- _WHAT THE TASK REQUIRES_:
Filter out all lines without the word "Black" from the data below, please, and copy the rest.

Records contained in a dataset:
══════════

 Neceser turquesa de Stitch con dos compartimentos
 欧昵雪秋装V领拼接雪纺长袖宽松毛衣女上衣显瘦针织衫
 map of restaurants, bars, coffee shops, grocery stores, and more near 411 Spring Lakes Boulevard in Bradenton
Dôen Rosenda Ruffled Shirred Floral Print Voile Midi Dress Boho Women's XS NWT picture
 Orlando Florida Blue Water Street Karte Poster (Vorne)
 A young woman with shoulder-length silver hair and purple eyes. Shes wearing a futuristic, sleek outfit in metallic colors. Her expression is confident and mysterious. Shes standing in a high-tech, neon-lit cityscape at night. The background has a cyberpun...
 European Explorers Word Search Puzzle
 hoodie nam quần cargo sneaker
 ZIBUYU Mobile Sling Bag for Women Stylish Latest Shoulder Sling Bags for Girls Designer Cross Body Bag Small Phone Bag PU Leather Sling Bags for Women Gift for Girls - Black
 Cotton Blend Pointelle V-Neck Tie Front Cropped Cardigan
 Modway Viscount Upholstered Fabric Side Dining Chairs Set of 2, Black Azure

══════════

- _RESULT OF THIS EXERCISE_:
 ZIBUYU Mobile Sling Bag for Women Stylish Latest Shoulder Sling Bags for Girls Designer Cross Body Bag Small Phone Bag PU Leather Sling Bags for Women Gift for Girls - Black
 Modway Viscount Upholstered Fabric Side Dining Chairs Set of 2, Black Azure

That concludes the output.